Problem requirements
Print all the data that follows exactly, images excluded.

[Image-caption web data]
········
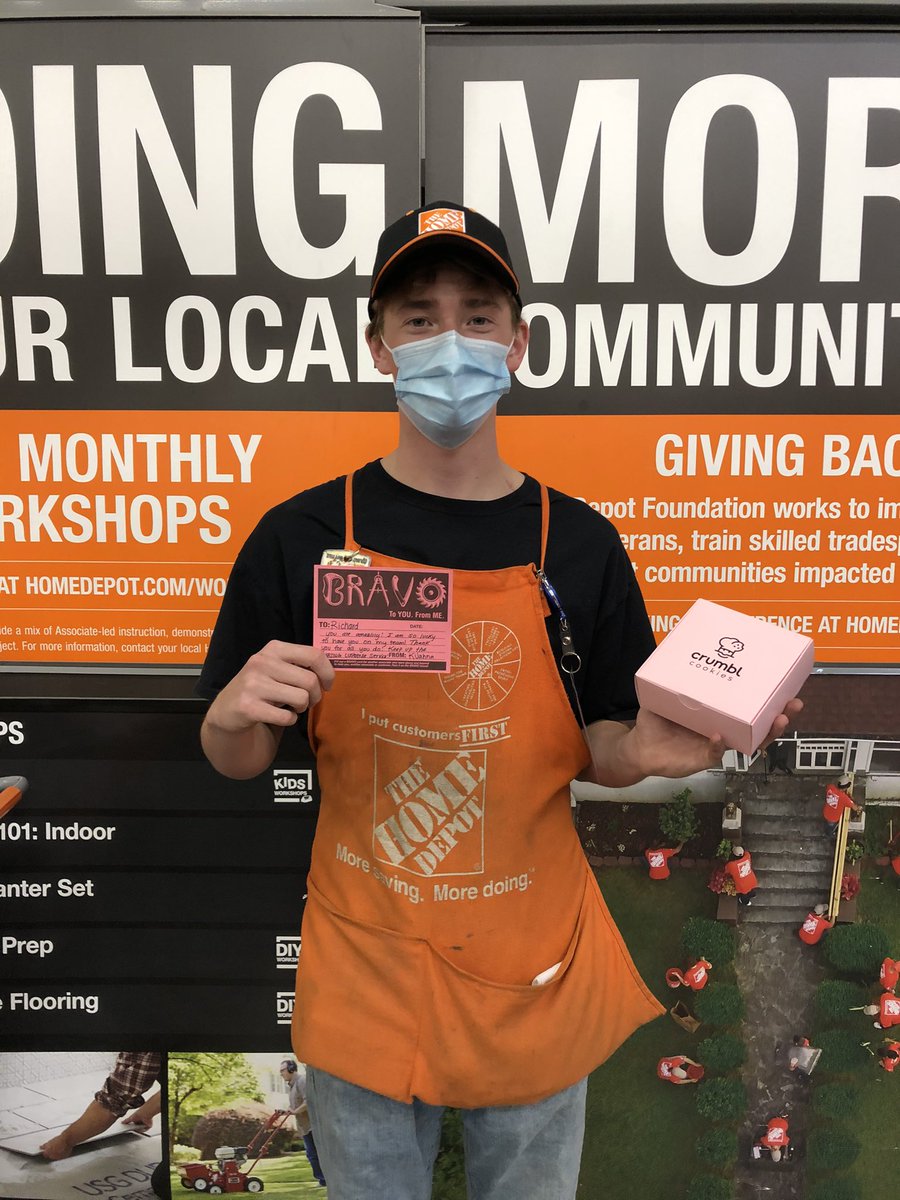 k_jahna's tweet photo. Adopt a front end associate! Thanks to the DS team for taking the time to get to know and take care of our people! @chunkmeister1 @NorthcreekHold #ferocious4416 #CAM2020 https://t.co/jXsRf397AE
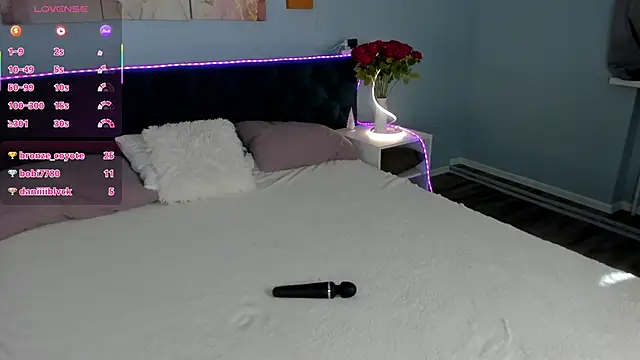 KiraRuiz live sex cam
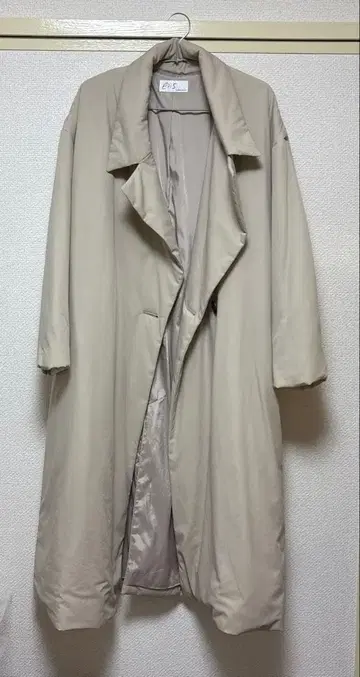 Eiis 베이지 충전솜 롱 코트 XS 타카야마 나오코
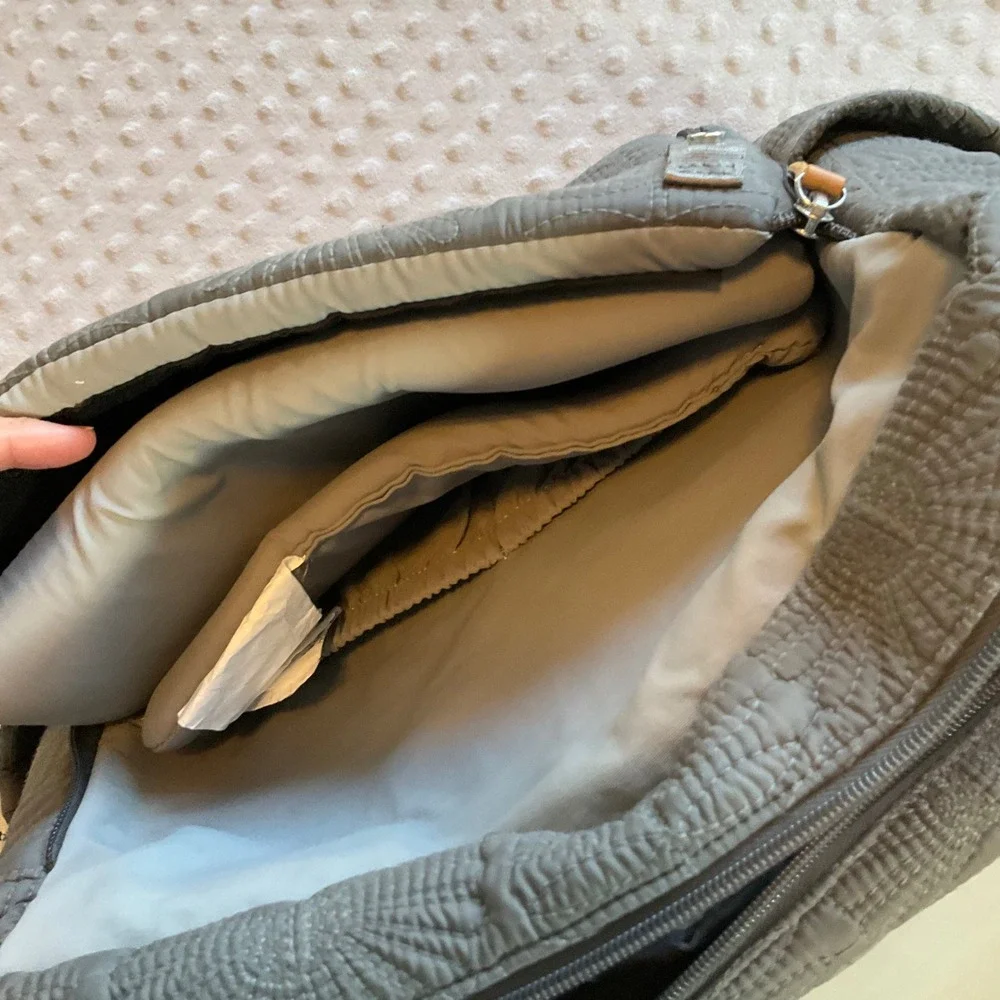 Petunia Pickle Bottom Diaper Bag Backpack One Size Gray Quilted Boxy Backpack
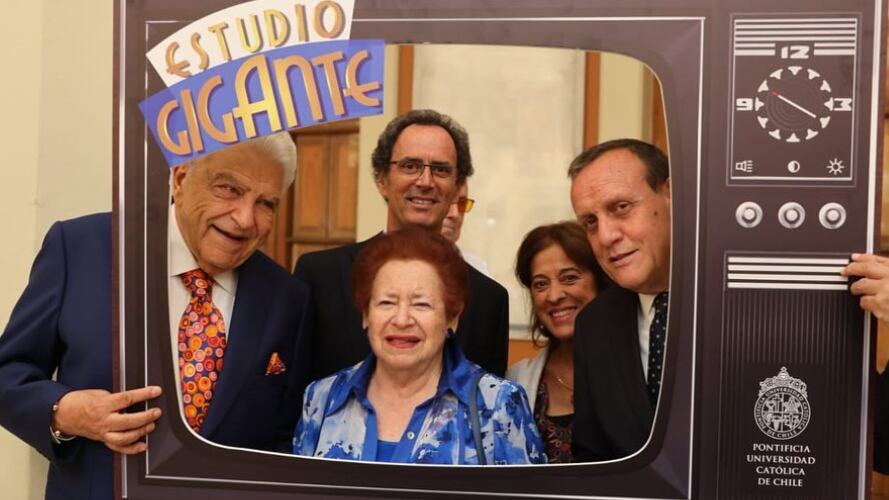 Don Francisco acude a la inauguración del nuevo espacio “Sala Estudio Gigante”, en el Centro de Extensión Alameda de la Universidad Católica de Chile.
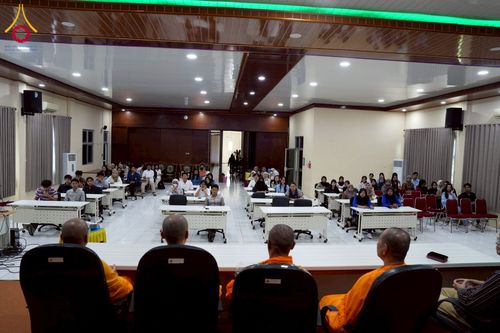 ภาพ No.227488:วันที่ 30 พฤษภาคม พ.ศ. 2568 สันติสุขจากสมาธิ แผ่ไพศาลในแดนอิเหนา : พระสงฆ์ไทยเยือนวิทยาลัยราเดนวิจายา อินโดนีเซีย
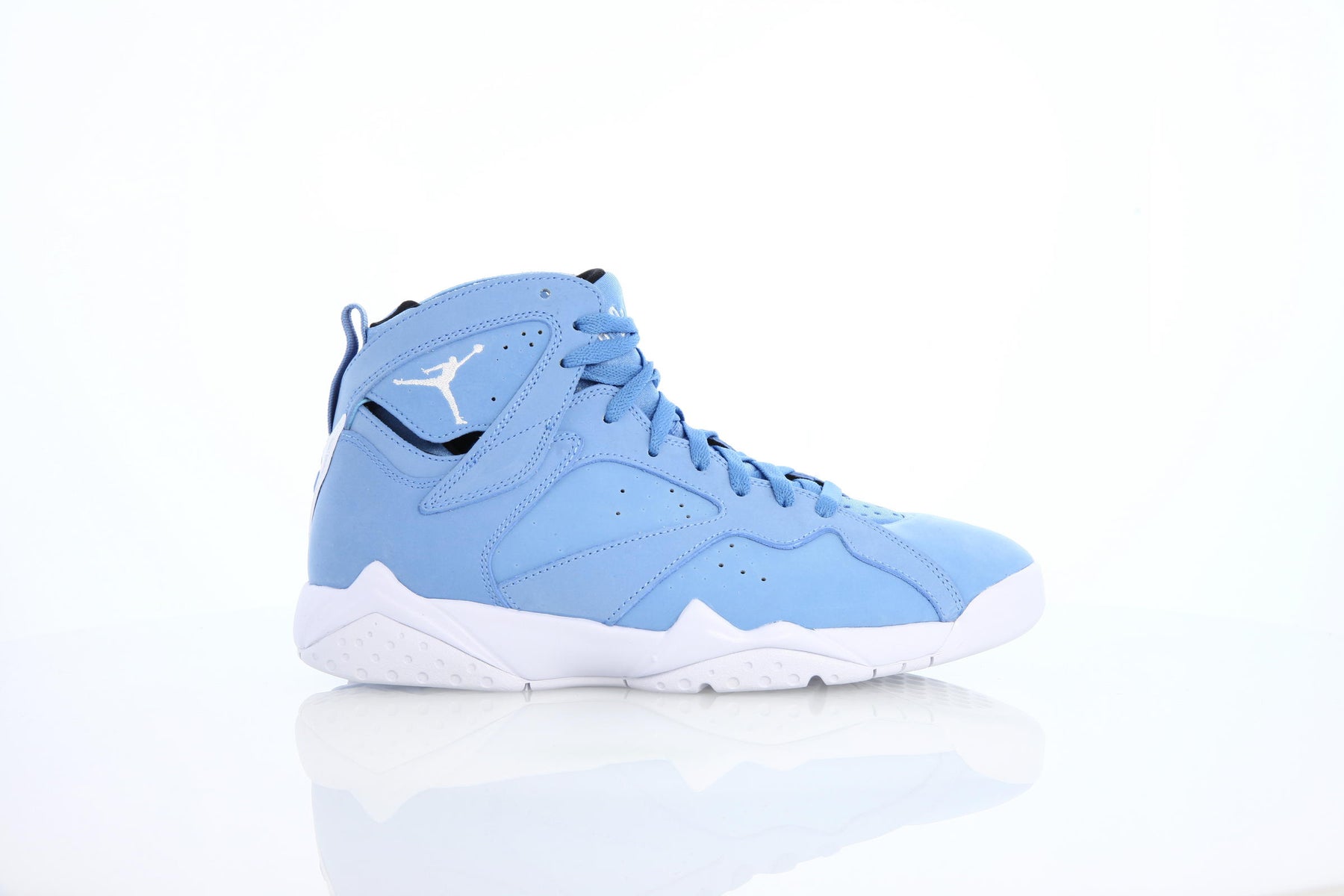 Air Jordan 7 Retro "University Blue"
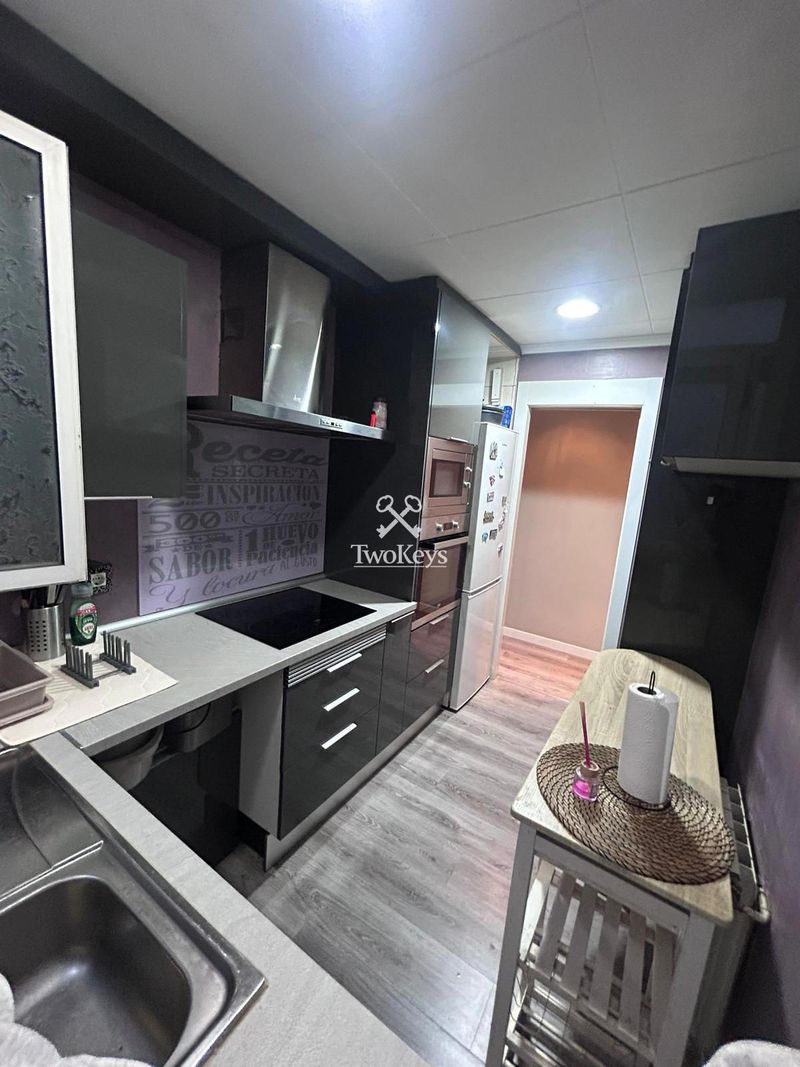 Piso en venta  en Badalona, Barcelona . Ref: 2004. TwoKeys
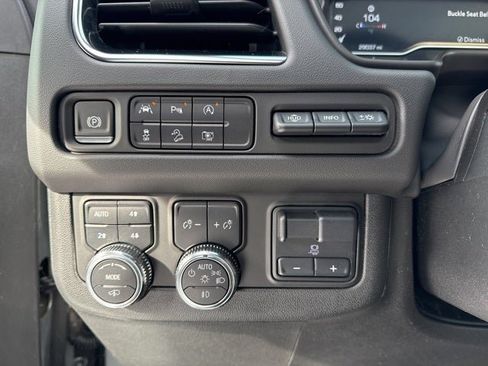 Used 2024 GMC Yukon XL AT4 w/ AT4 Premium Plus Package image 23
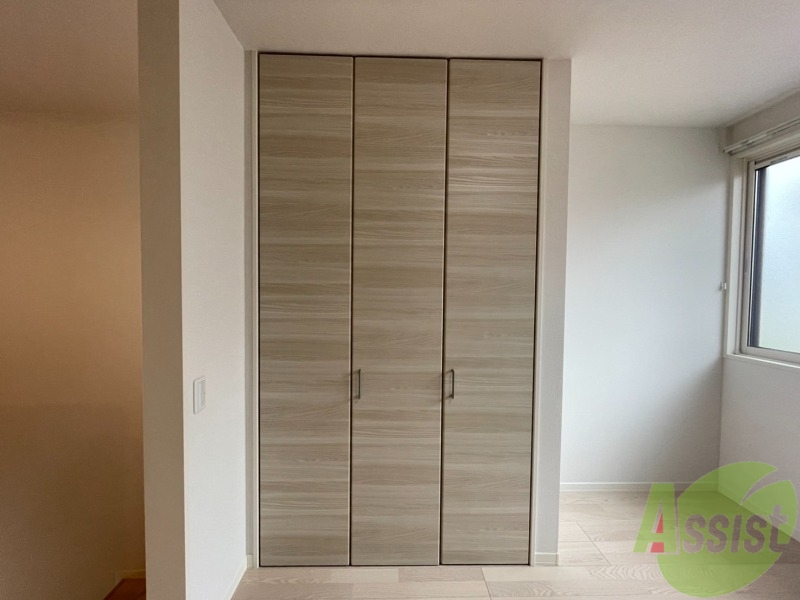 収納　収納スペースです。お洋服やお荷物はこちらへ。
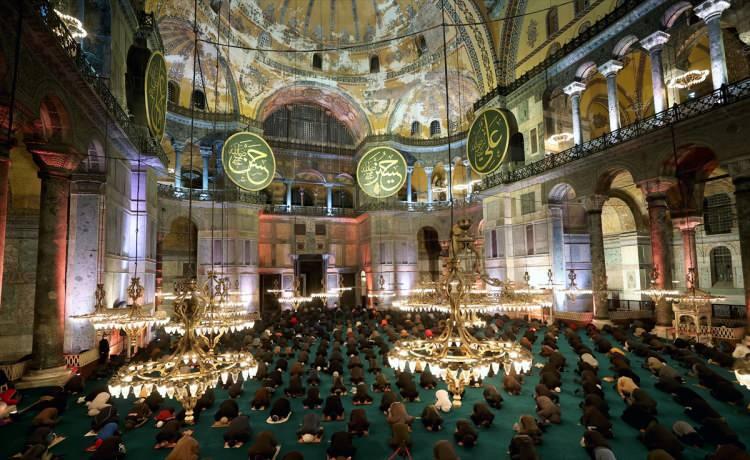<p>Tövbenin önemine de değinen Erbaş, "Rabb'imizle irtibatımızı yeniden sağlayan, kalplerimizi tezkiye eden ilahi bir ikramdır. İşte bundan dolayıdır ki Rabb'imiz bizi tövbeye davet ediyor. İçten, samimi ve halisane bir tövbe. Tövbe aynı zamanda Allah’ın sevgisine mazhar olmaktır. Rabb'imiz tövbe edenleri ve günahlardan temizlenenleri sevdiğini söylüyor. Müminin gayesi, Allah’ın sevgisine kavuşmak olmalıdır." değerlendirmesinde bulundu. </p>
<p> </p>
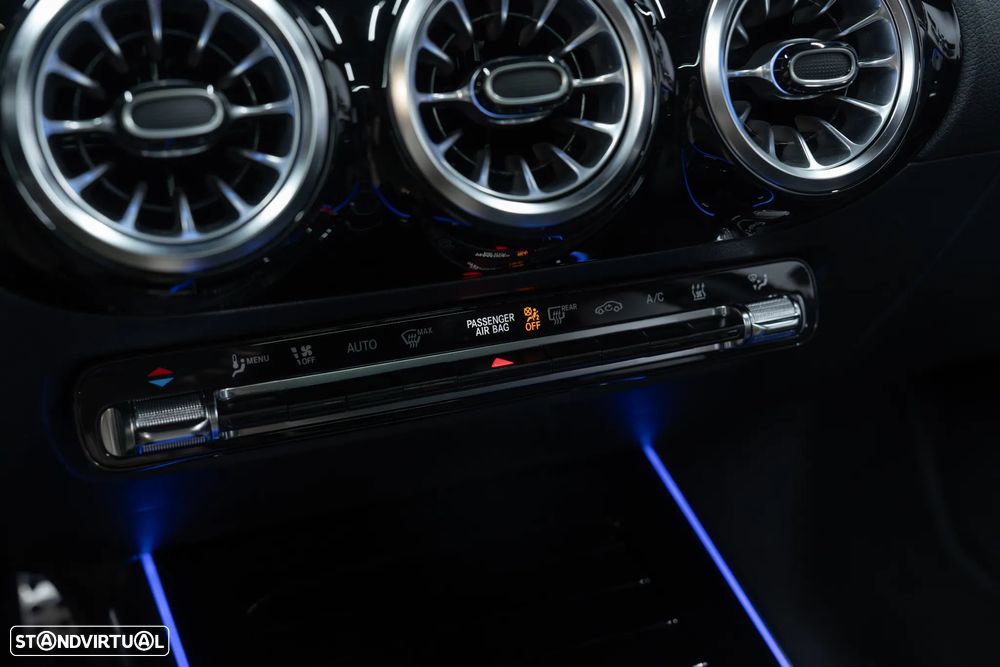 Mercedes-Benz EQA 300 4Matic - 49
········
Answer section
 k_jahna's tweet photo. Adopt a front end associate! Thanks to the DS team for taking the time to get to know and take care of our people! @chunkmeister1 @NorthcreekHold #ferocious4416 #CAM2020 https://t.co/jXsRf397AE
 KiraRuiz live sex cam
 Eiis 베이지 충전솜 롱 코트 XS 타카야마 나오코
 Petunia Pickle Bottom Diaper Bag Backpack One Size Gray Quilted Boxy Backpack
 Don Francisco acude a la inauguración del nuevo espacio “Sala Estudio Gigante”, en el Centro de Extensión Alameda de la Universidad Católica de Chile.
 ภาพ No.227488:วันที่ 30 พฤษภาคม พ.ศ. 2568 สันติสุขจากสมาธิ แผ่ไพศาลในแดนอิเหนา : พระสงฆ์ไทยเยือนวิทยาลัยราเดนวิจายา อินโดนีเซีย
 Air Jordan 7 Retro "University Blue"
 Piso en venta  en Badalona, Barcelona . Ref: 2004. TwoKeys
 Used 2024 GMC Yukon XL AT4 w/ AT4 Premium Plus Package image 23
 収納　収納スペースです。お洋服やお荷物はこちらへ。
<p>Tövbenin önemine de değinen Erbaş, "Rabb'imizle irtibatımızı yeniden sağlayan, kalplerimizi tezkiye eden ilahi bir ikramdır. İşte bundan dolayıdır ki Rabb'imiz bizi tövbeye davet ediyor. İçten, samimi ve halisane bir tövbe. Tövbe aynı zamanda Allah’ın sevgisine mazhar olmaktır. Rabb'imiz tövbe edenleri ve günahlardan temizlenenleri sevdiğini söylüyor. Müminin gayesi, Allah’ın sevgisine kavuşmak olmalıdır." değerlendirmesinde bulundu. </p>
<p> </p>
 Mercedes-Benz EQA 300 4Matic - 49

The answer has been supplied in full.